Although I had several options, I decided to try Yomogiya, an inviting-looking teahouse that sat next door to my minshuku (guest house or traditional inn).
The sign out front suggested the teahouse also offered coffee – and although tea is the traditional choice, I love good coffee, so I decided to go inside and let the menu make the decision for me.
Like many teahouses in Magome, Yomogiya offers guests a choice between traditional Japanese seating on an elevated platform and Western-style tables and chairs, which sit on the teahouse floor.
Unlike Western tables, traditional Japanese tables are low–about knee high–and feature cushions for kneeling (or sitting cross-legged) rather than Western chairs.
I love traditional Japanese seating, so I left my shoes at the entrance and chose a table on the platform.
In addition to selling coffee, tea, and traditional sweets, Yomogiya sold a variety of local crafts, including these hand-carved wooden lanterns:
If I’d had a way to get one home, I definitely would have splurged on one. The photo doesn’t do them justice.

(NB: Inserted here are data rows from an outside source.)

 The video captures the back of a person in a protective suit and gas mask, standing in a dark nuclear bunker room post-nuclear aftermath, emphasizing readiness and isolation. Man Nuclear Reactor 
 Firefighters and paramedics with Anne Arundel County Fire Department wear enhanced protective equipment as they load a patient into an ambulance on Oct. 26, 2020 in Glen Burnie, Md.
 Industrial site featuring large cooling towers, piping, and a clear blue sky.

Within moments after my arrival, the hostess greeted me and offered me a menu. Although I could have read the Japanese version, the one she presented was written in English–a typical experience for Westerners traveling in Japan.

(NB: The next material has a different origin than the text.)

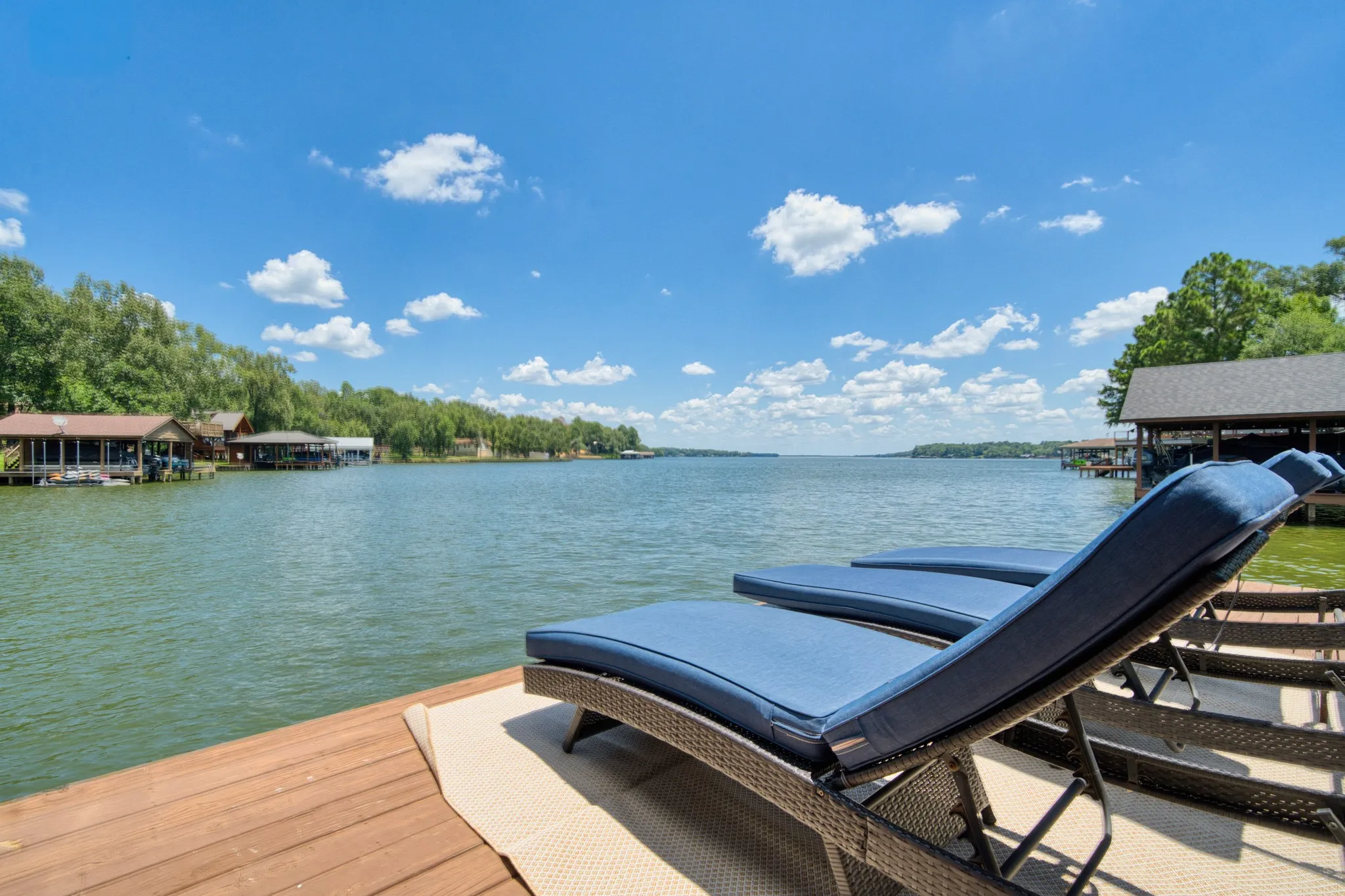Expansive waterfront setting with a substantial dock, open water, and distant treeline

Most Japanese people want to make foreign visitors feel welcome, and if an English menu is available, most restaurants and teahouses will offer it if you look like you speak English.
The hot apple juice sounded fantastic, and I was tempted to try it, but I love traditional Japanese sweets, especially the chestnut varieties offered only in the autumn. The “chestnut yokan” (a type of jellied sweet with a base of adzuki beans) was only available on the set menu, which included both the sweet and a choice of green tea, “blend coffee” or matcha–a powdered form of green tea prepared with a special whisk that this menu translates as “green tea for ceremonies.”

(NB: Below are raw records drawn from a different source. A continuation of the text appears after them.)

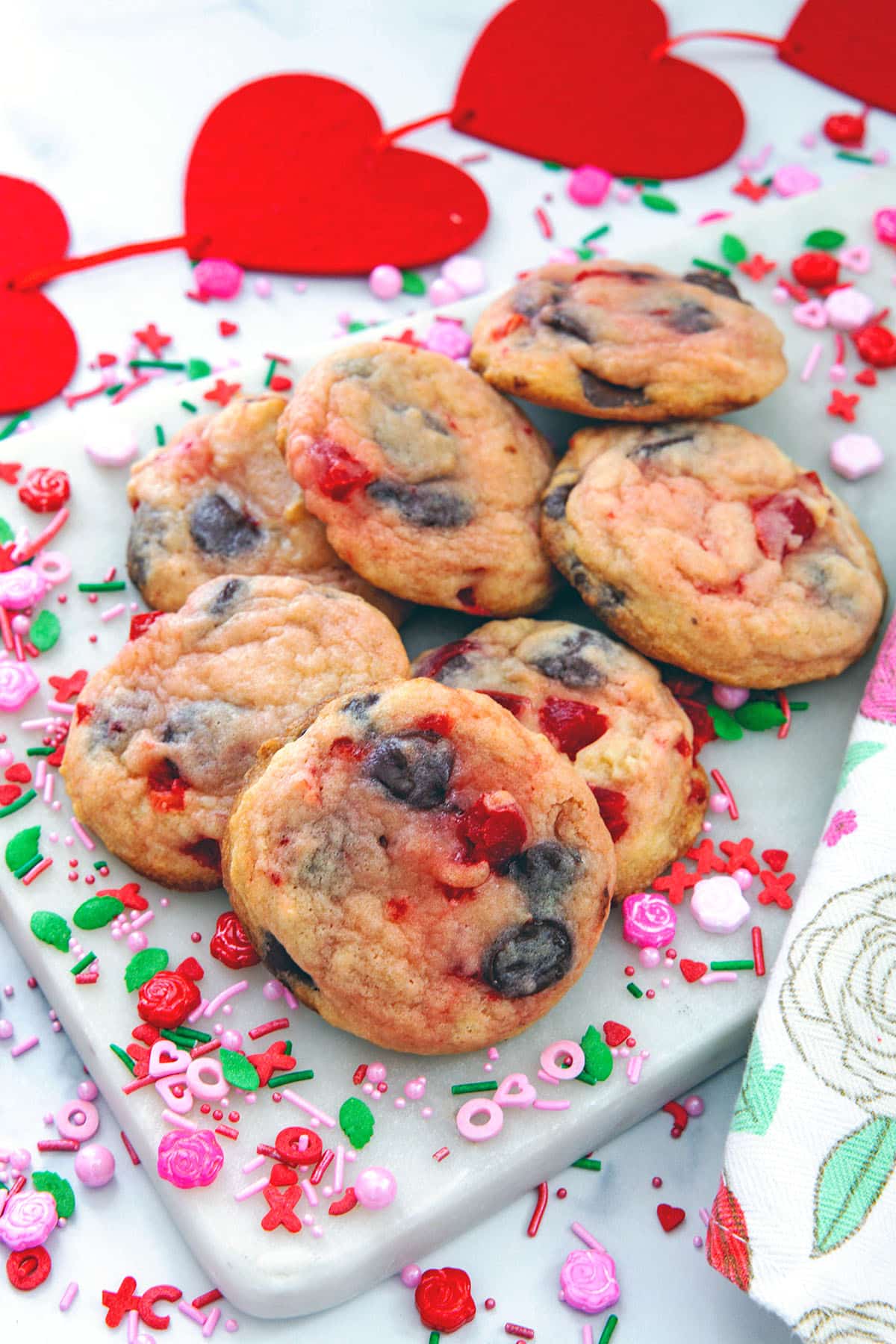 Cherry chocolate chip cookies on a marble surface with Valentine's Day sprinkles all around and red hearts in backgorund.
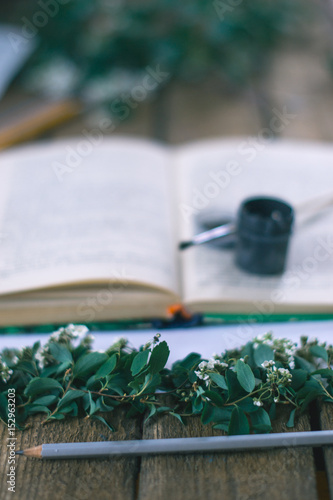 Lilac branches on a wooden background with a book. photo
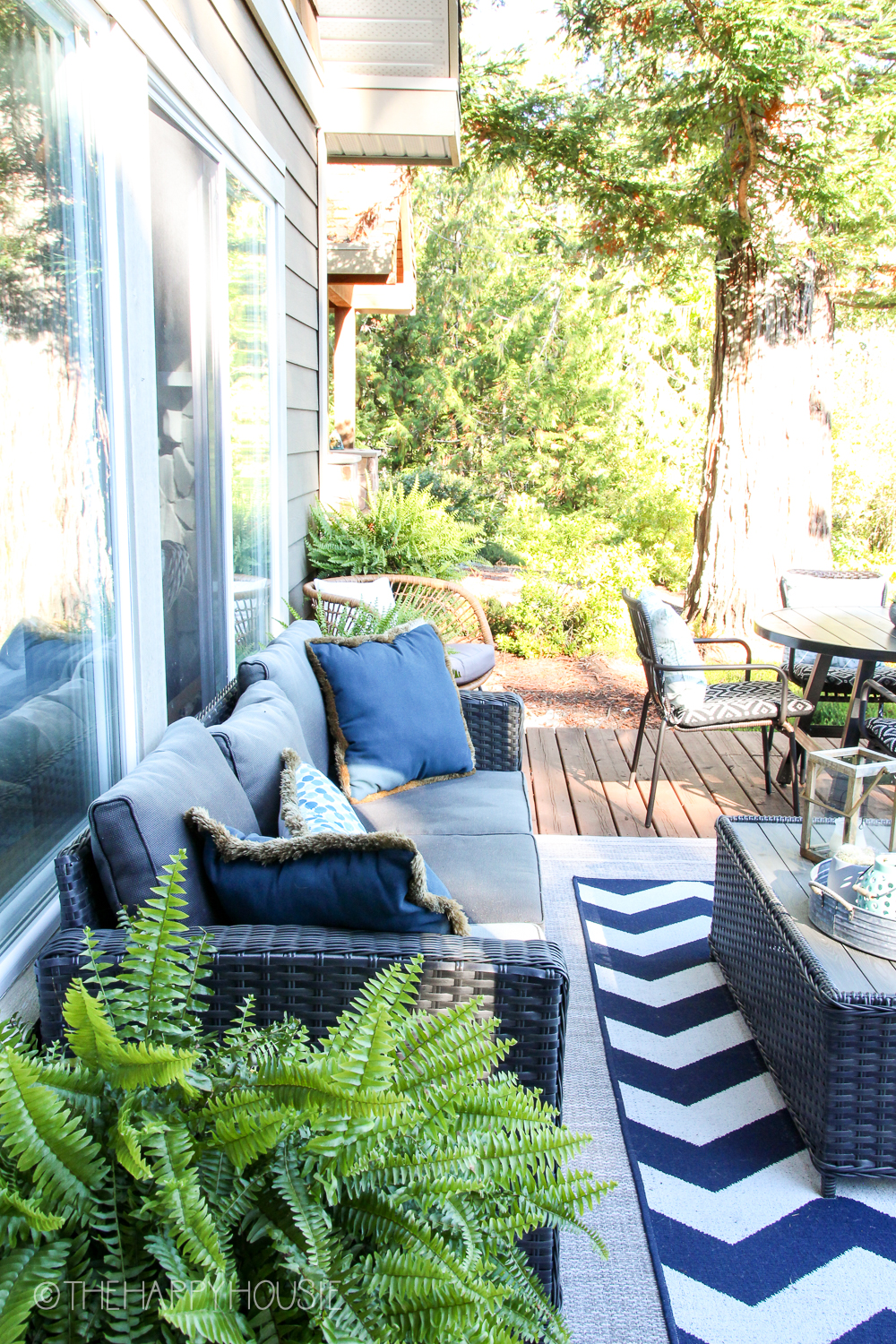 An outdoor sofa, a blue and white rug and an outdoor coffee table on the back deck.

I love matcha, but opted for the coffee because I thought it would match better with the chestnut sweet.
(I probably could have finished the apple juice as well, but it would have been awkward to order two drinks since I was there alone, so I decided to save the apple juice for another time.)
My treats arrived within a couple of minutes, and the yokan was everything I hoped for.
This type of sweet has a texture a lot like a cross between fudge and caramel. It’s slightly chewy, but not too sticky, and moderately sweet without being cloying. If you don’t like roasted chestnuts, this won’t be a favorite–but I love them, and this tasted exactly like a sweetened roasted chestnut paste. (Although it’s made with adzuki beans, there’s no taste of bean at all.)
The lacquered knife at the bottom of the plate is a traditional implement used for eating this kind of sweet. You use it both as a cutting tool and as an ersatz fork – slicing a piece of the sweet from the cube and poking the tip of the knife into it to raise the sweet to your mouth.
I savored my sweets and coffee, listening to the hum of quiet conversation from the tables around me and watching through the window as the setting sun made the wooden building across the street glow with a golden-orange hue. It was the perfect ending to a happy, peaceful day in the Japanese alps.